An uncomfortable truth | The World Weekly
In 2012, 804,000 people were reported to have killed themselves around the world. According to the World Health Organisation, that is one suicide every 40 seconds - an increase of 60% over the past 45 years.
Suicide has become a global phenomenon from which no demographic is immune, spanning geographical divides and socio-economic status. While men and women over 70 are the most likely to commit suicide in almost every region, there is a growing concern about the prevalence of suicide among young people.
“Youth suicide is a major public health issue that must be immediately and vigorously addressed,” Dr. Lisa Boesky, an expert on suicide and mental health in teenagers, tells The World Weekly. Indeed, suicide sits only behind road accidents as the leading cause of mortality for 15-29 year olds globally.
The methods vary from region to region. In India and across agricultural nations in Asia, consuming poison - pesticides in particular - is the most prevalent. In the USA, where access to firearms is readily available, 60% of suicide victims shoot themselves. In Britain, the Balkans and eastern European countries, drowning, jumping from heights, wrist cutting and hanging are the most common.
As stark as these figures are, this is likely far from the full picture. “There is stigma about suicide everywhere,” says Dr. Alexandra Fleischmann, a suicide prevention expert at the World Health Organisation. “Therefore there is underreporting; families do not want the stigma of a suicide attached to a death.”
While there are observable trends in countries with high suicide rates - poor access to healthcare, economic stagnation, conflict, alcohol abuse, high social pressures and social stigma - no single explanation exists for rising global suicide rates. Only deeply personal and nuanced experiences, at both an individual and national level, tell the whole story as a look around the world demonstrates.
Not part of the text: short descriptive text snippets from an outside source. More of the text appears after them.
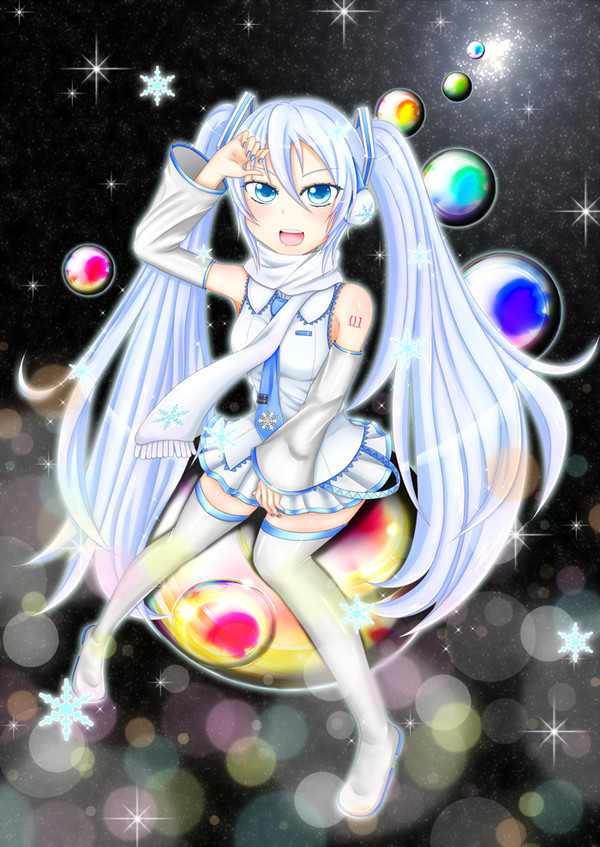 雪ミク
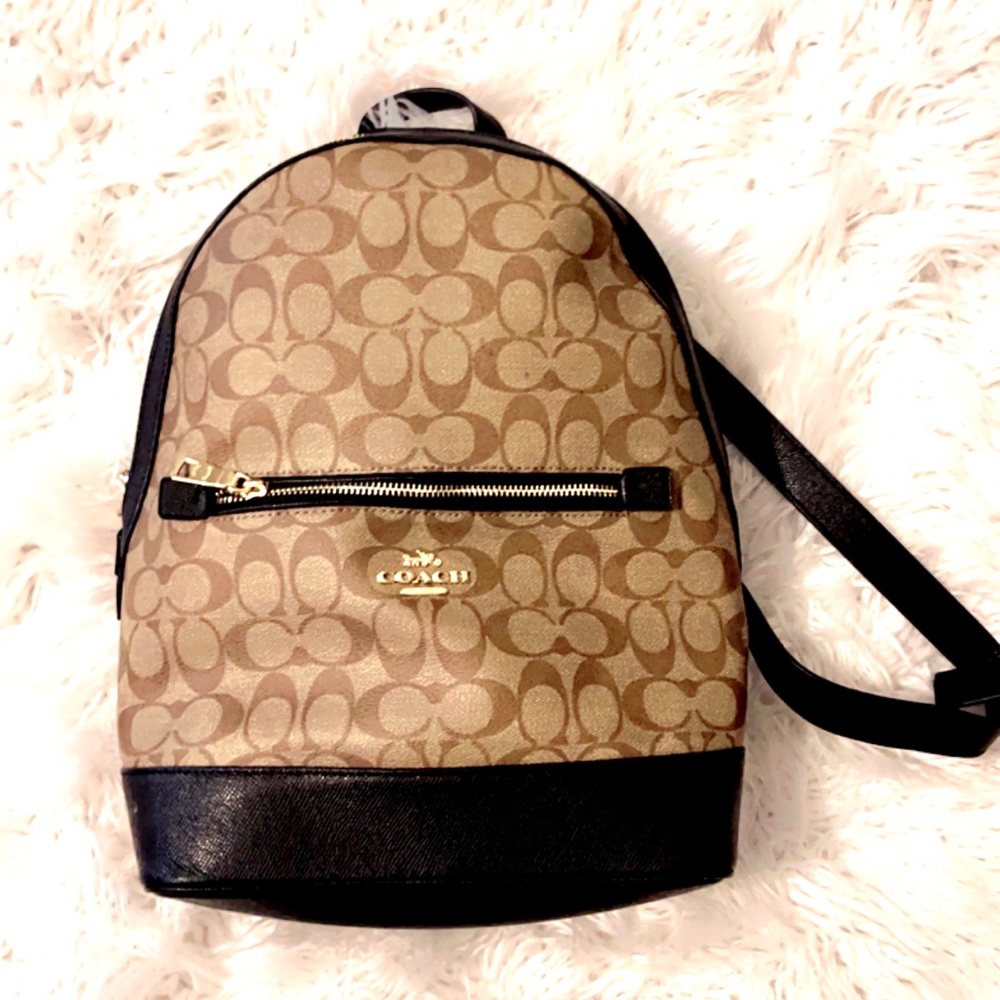 AUTHENTIC COACH BACKPACK! 🖤🖤🖤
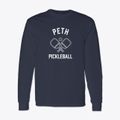 Peth Vermont Pickleball Classic Long Sleeve T-Shirt additional product view 1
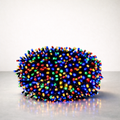 Guirlande LED | Cascade Multicolore Festive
The country with the highest suicide rate in the world
“What would drive a 13-year-old boy to commit suicide?” asks Supriya Singh, founder of The Guyana Foundation, when recounting the story of a young boy who hanged himself earlier that year. He rarely saw his mother or father, who were struggling to earn a living on the other side of the country. This story is increasingly common in Guyana, where 44.2 people in every 100,000 kill themselves, making it the suicide capital of the world.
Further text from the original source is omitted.